Whooping Cranes' Migration Interrupted

Typography
Wildlife researchers leading a flock of young whooping cranes south for the winter are warning people to stay out of their way after an apparently curious ultralight pilot disturbed the endangered birds.

MILWAUKKEE − Wildlife researchers leading a flock of young whooping cranes south for the winter are warning people to stay out of their way after an apparently curious ultralight pilot disturbed the endangered birds.


A team of pilots is leading 14 whooping cranes from Wisconsin to central Florida, using an ultralight plane and even wearing crane-like costumes to minimize the birds' contact with humans.


Last month in Illinois, another ultralight flew about 100 feet behind the researchers' plane, without radio contact, scaring the birds, said Joe Duff, chief executive officer of Operation Migration, who was flying the research plane at the time.


"It's when the cranes blast ahead of the aircraft like that that things become dangerous," because the birds could collide with wires atop the aircraft, Duff told the Milwaukee Journal Sentinel. "The guy was probably nothing more than curious, but that's the last thing I'd do - fly behind or beside another ultralight.
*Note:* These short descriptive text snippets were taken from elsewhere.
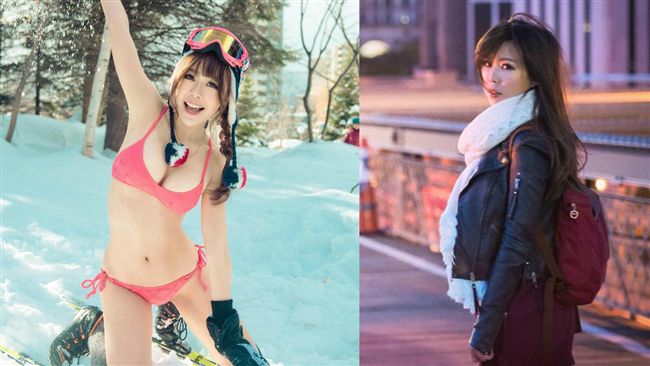 逆天美尻電眼女設計師　雪地秀冰肌乳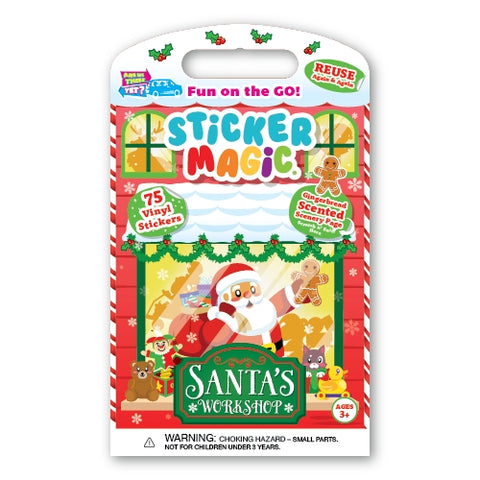 Holiday Sticker Magic - Santa's Workshop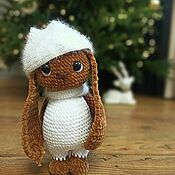 Куклы и игрушки handmade. Livemaster - original item Knitted Bunny. Gift. February 14. For children and adults. Handmade.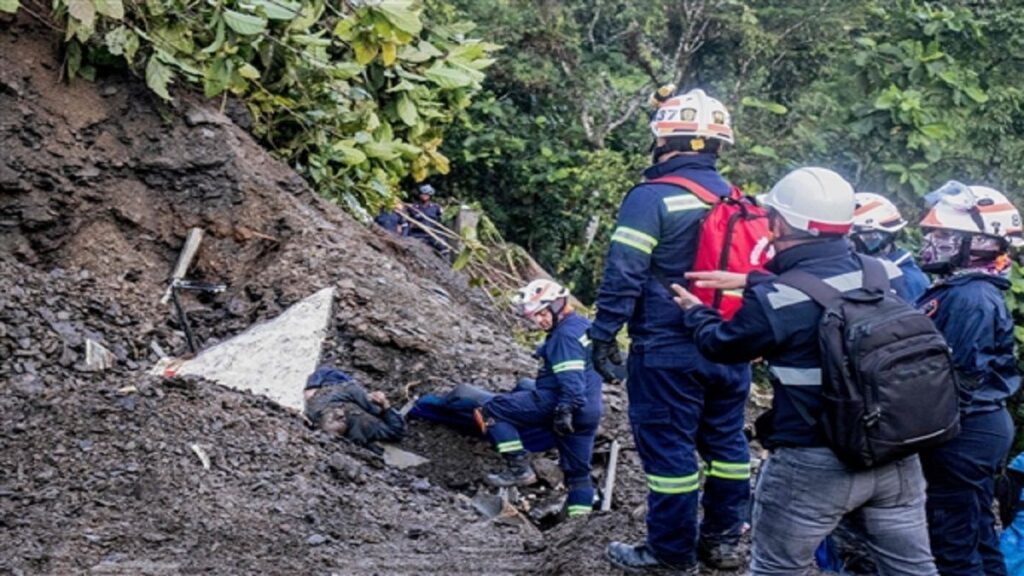 Landslide in Colombia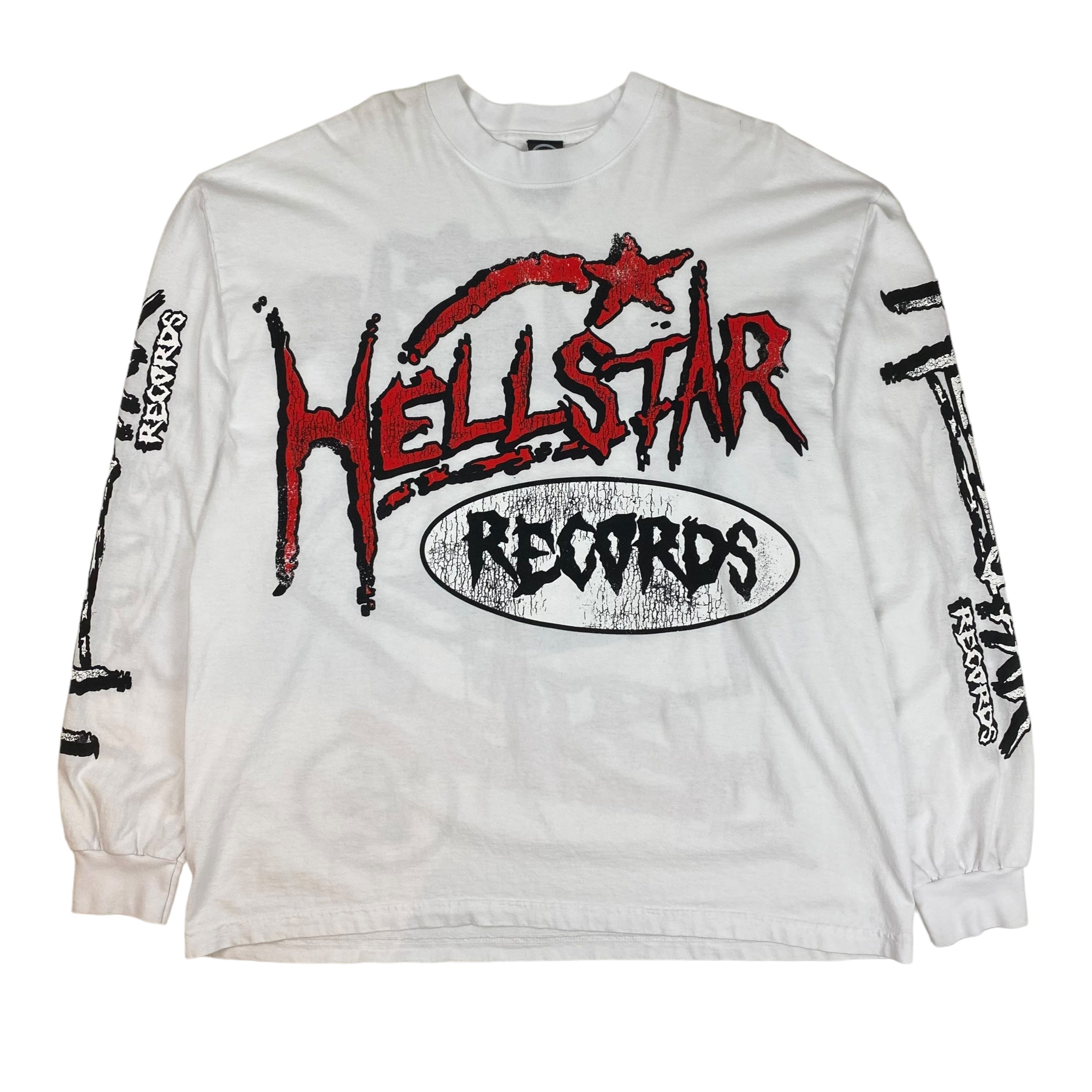 Hellstar Records L/S T-Shirt White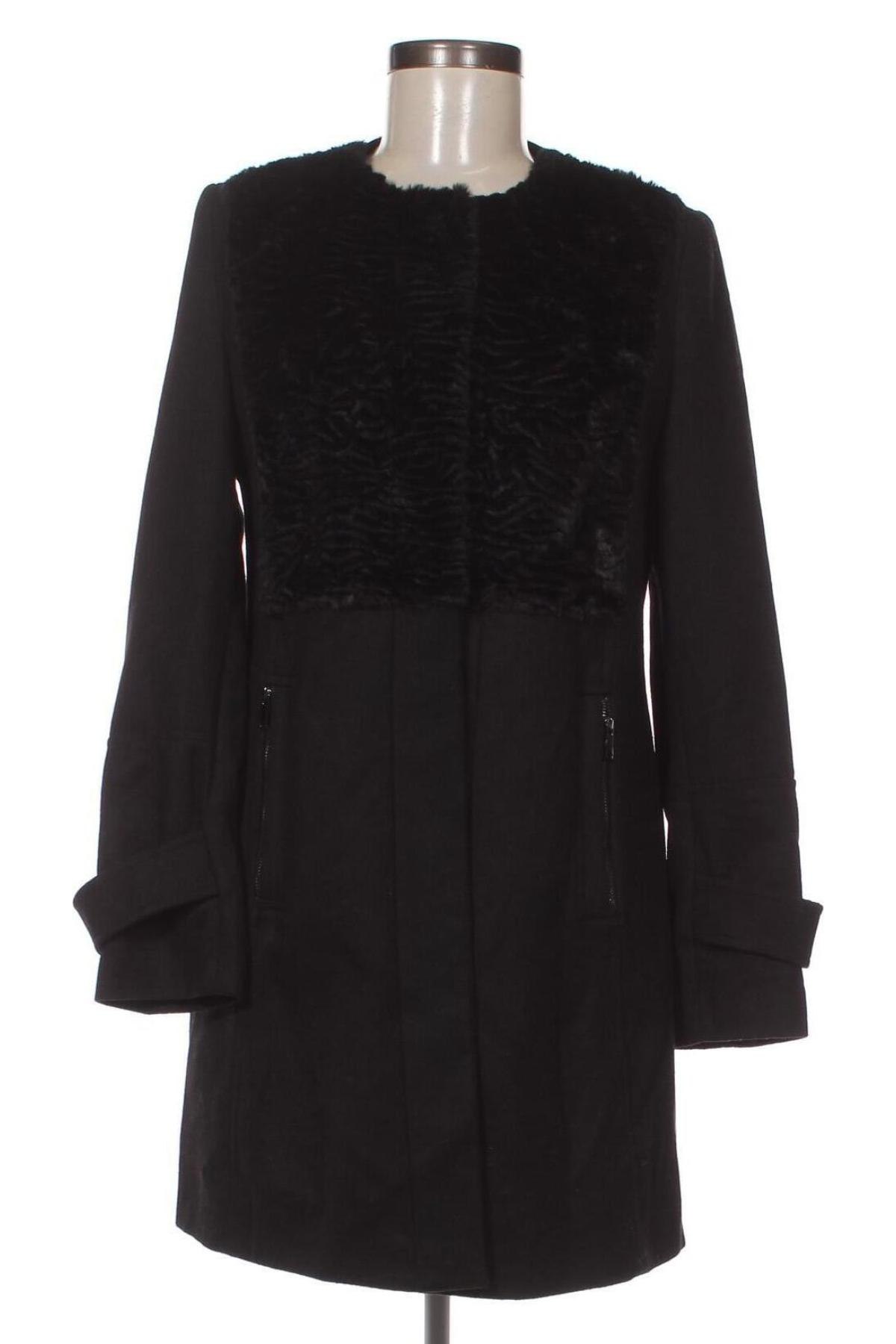 Γυναικείο παλτό Atmosphere, Μέγεθος M, Χρώμα Μαύρο, Τιμή 13,68 €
The pilot can't see you."


The other ultralight peeled off to the right, leaving Duff to calm the cranes. He said the other pilot must have known what was happening.
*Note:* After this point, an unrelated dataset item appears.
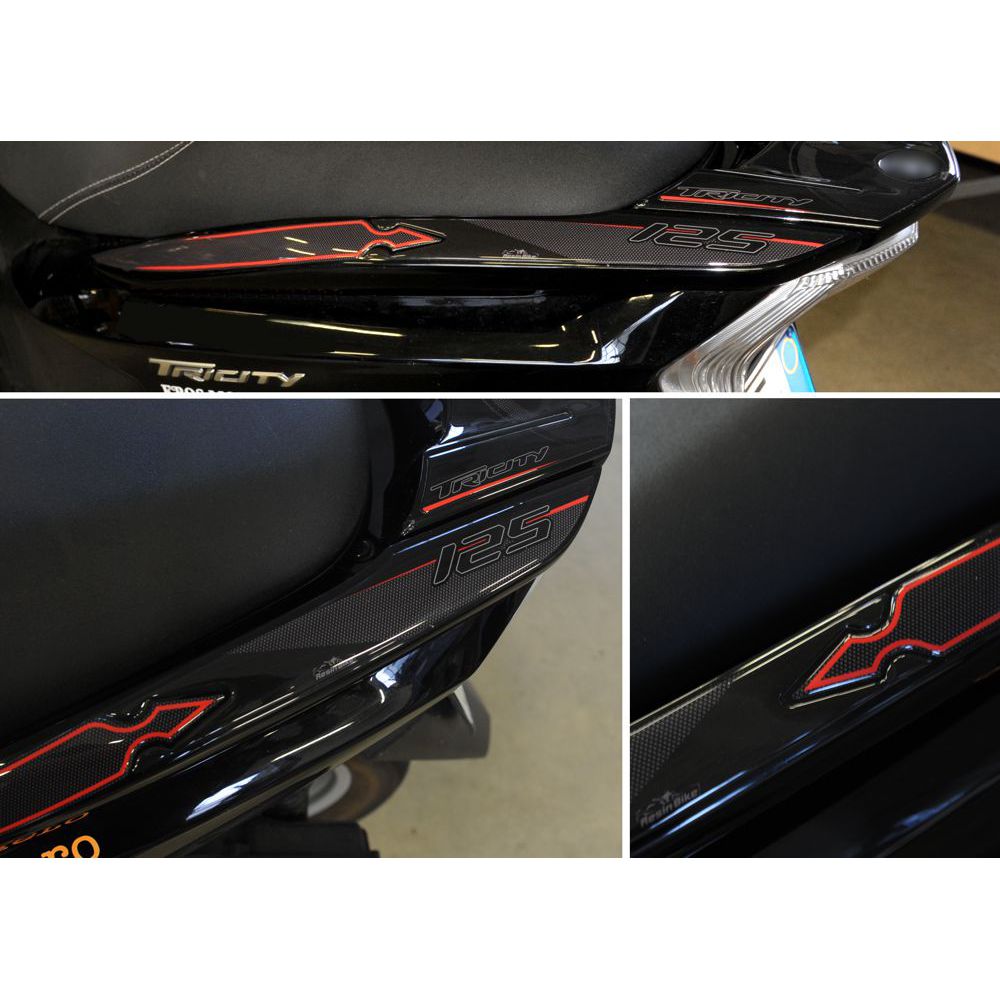 Resin Bike 3D Motorcycle Stickers - Passenger Handles | Yamaha Tricity 2017>2020 - Pyramid Motorcycle Accessories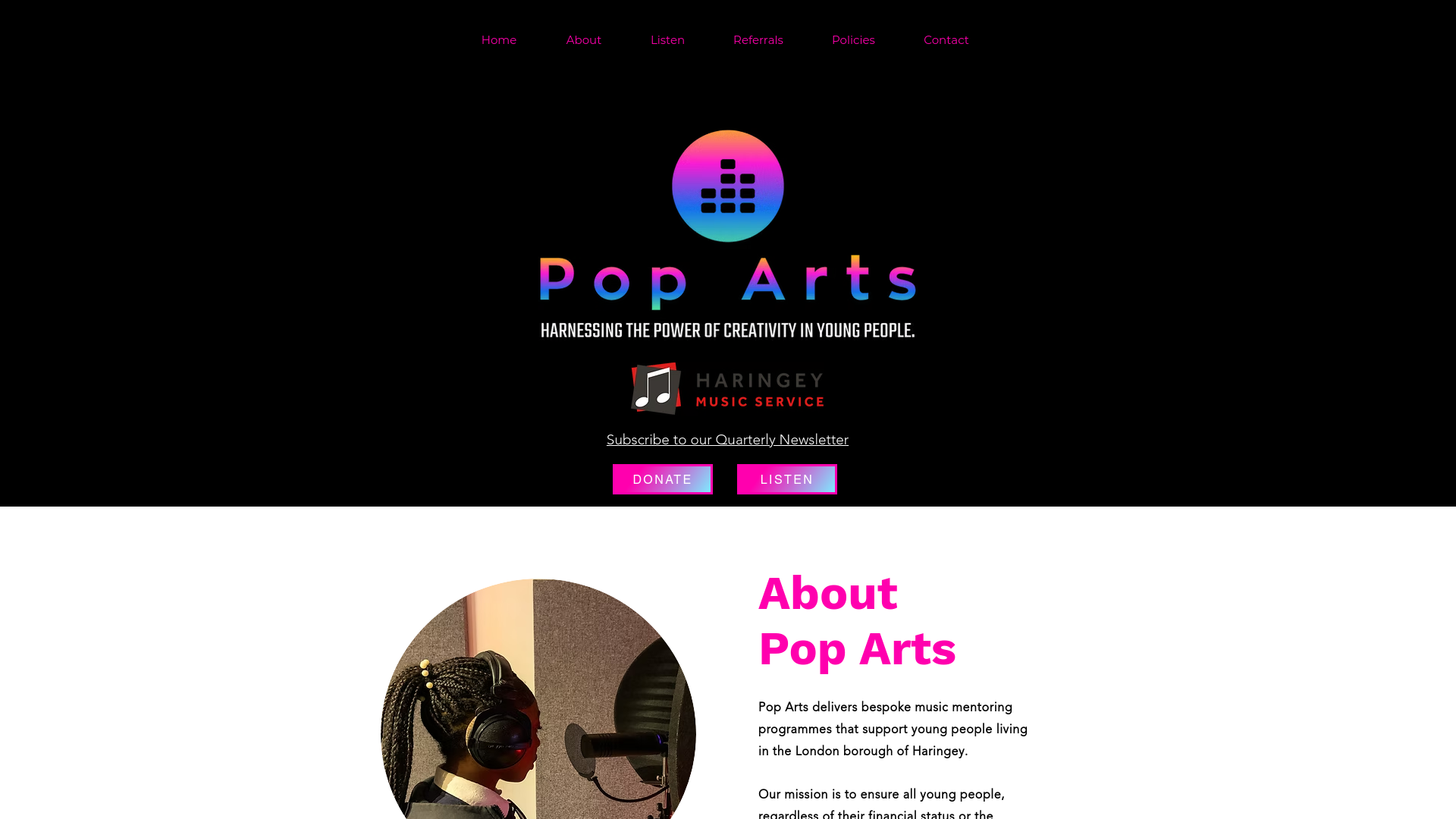 Website screenshot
"The cranes have 7-foot wingspans," he said. "It's not like I'm leading a flock of chickadees."


By Friday, the flock of 14 cranes had reached Indiana's Boone County, about 340 miles from the starting point at the Necedah National Wildlife Refuge in Wisconsin. Researchers pick up cranes that drop out during the day by truck, and use portable pens to keep the birds together overnight or when bad weather keeps them from flying.
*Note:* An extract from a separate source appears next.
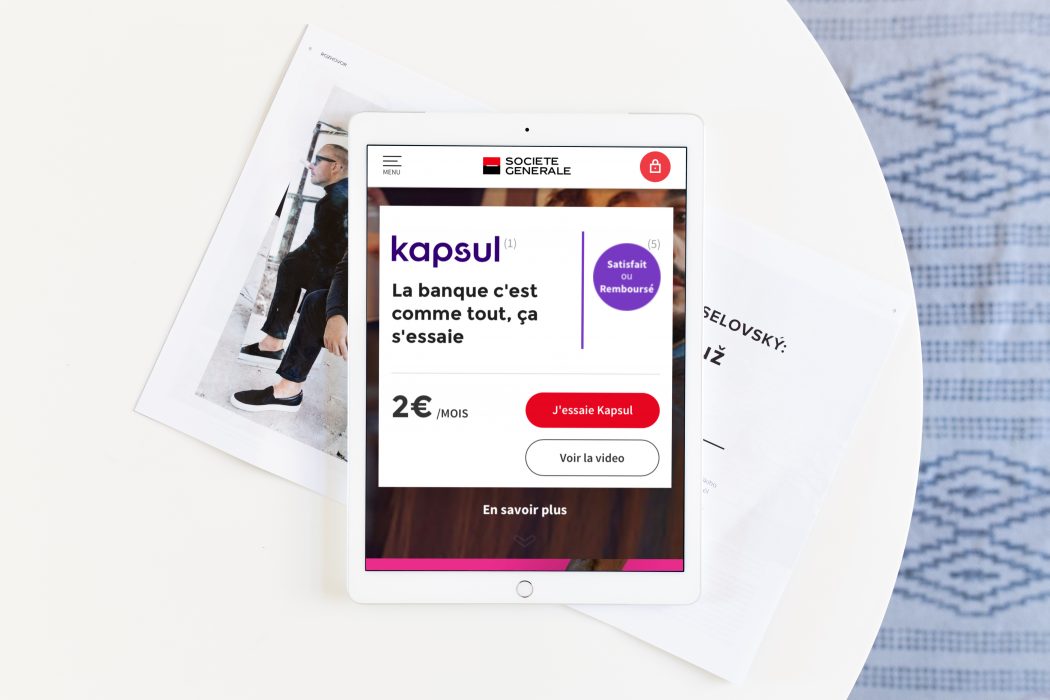 Kapsul déployé par La Haute Société sur le digital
The cranes were hatched over the summer at a Maryland refuge and raised at Necedah.


The researchers have been working to establish a second migratory flock of the endangered birds since 2001. About three dozen cranes now make the flights on their own.


The only other migrating flock of whooping cranes has about 270 birds and migrates from Canada to the Texas Gulf Coast for the winter.


At 5 feet tall, whooping cranes are North America's tallest birds and one of the world's rarest. The whooping crane was near extinction in 1941, with only about 20 left.